RAW DATA »

-------

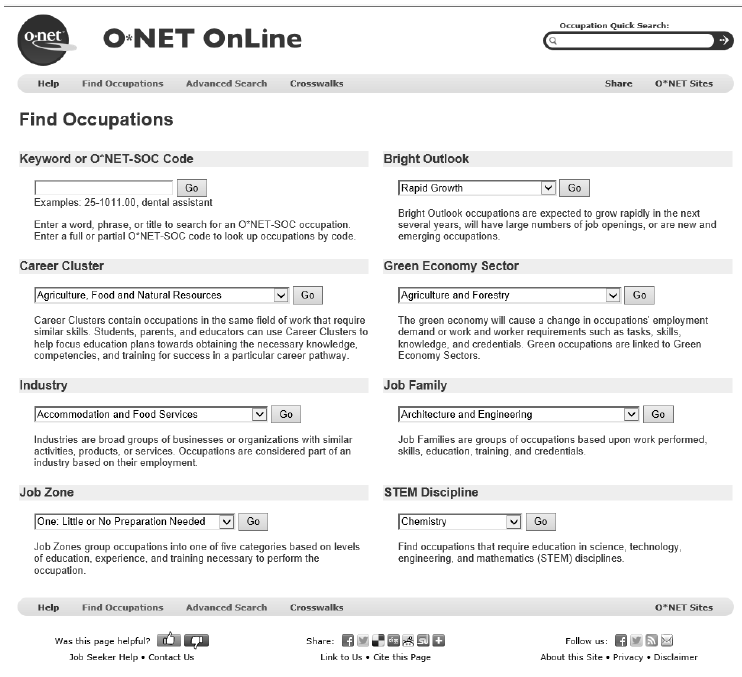 미국 직업정보시스템 O*NET Online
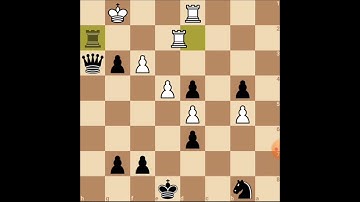 Chess puzzle: find the checkmate in 3 moves.. #chesspuzzles  #matein3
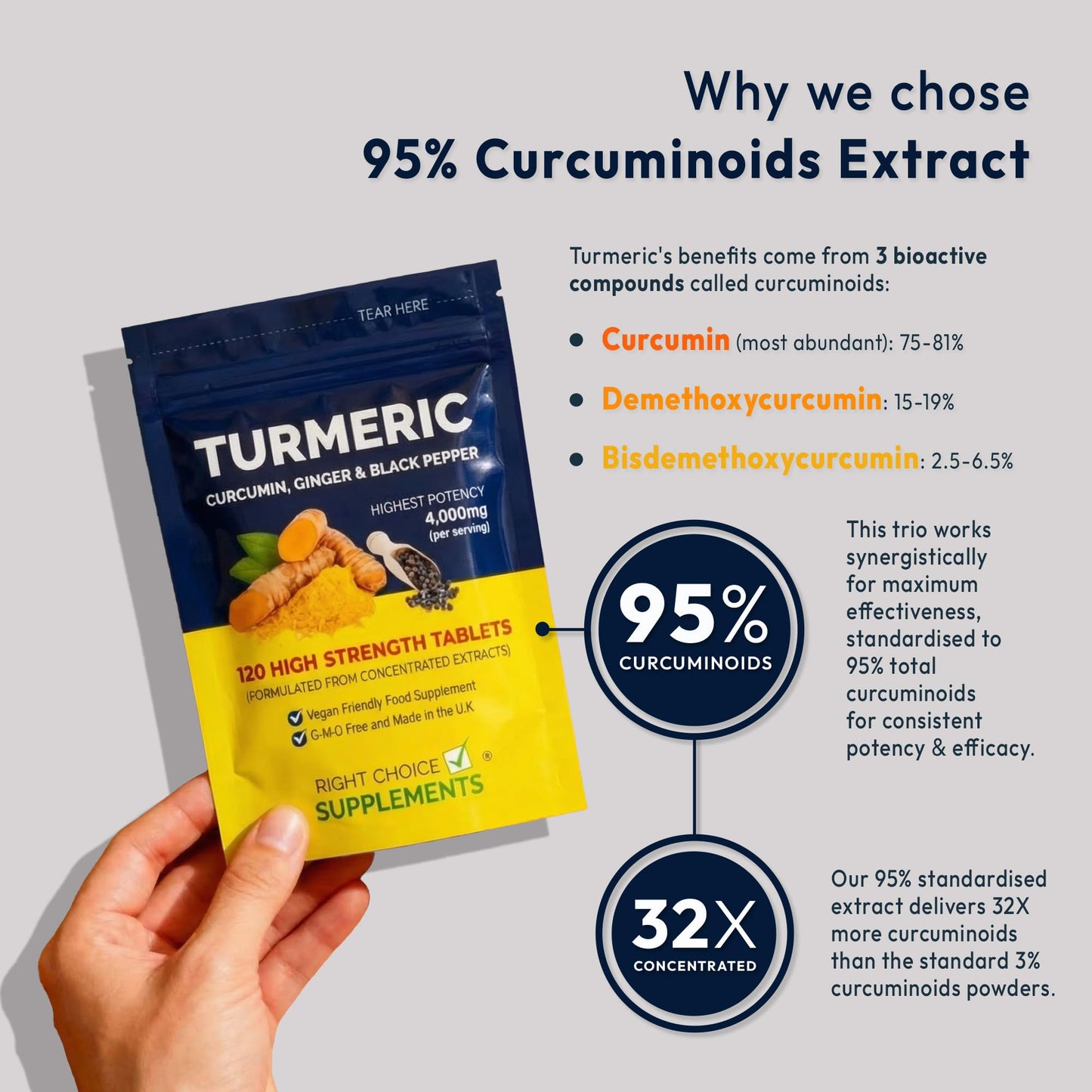 Right Choice Supplements Turmeric, Ginger & Black Pepper 4000 mg Tablets (per Serving), High Strength Curcumin Supplements, Vegan and Gluten Free, UK Made, 120 Count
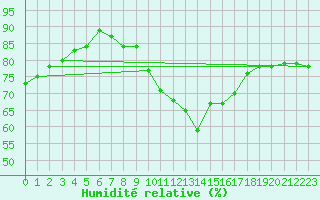 Courbe de l'humidit relative pour Montlimar (26)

-------

TASK DETAILS »
Repeat the whole listing above word for word. Leave out the pictures.

RESULT FOR THIS TASK »
 미국 직업정보시스템 O*NET Online
 Chess puzzle: find the checkmate in 3 moves.. #chesspuzzles  #matein3
 Right Choice Supplements Turmeric, Ginger & Black Pepper 4000 mg Tablets (per Serving), High Strength Curcumin Supplements, Vegan and Gluten Free, UK Made, 120 Count
 Courbe de l'humidit relative pour Montlimar (26)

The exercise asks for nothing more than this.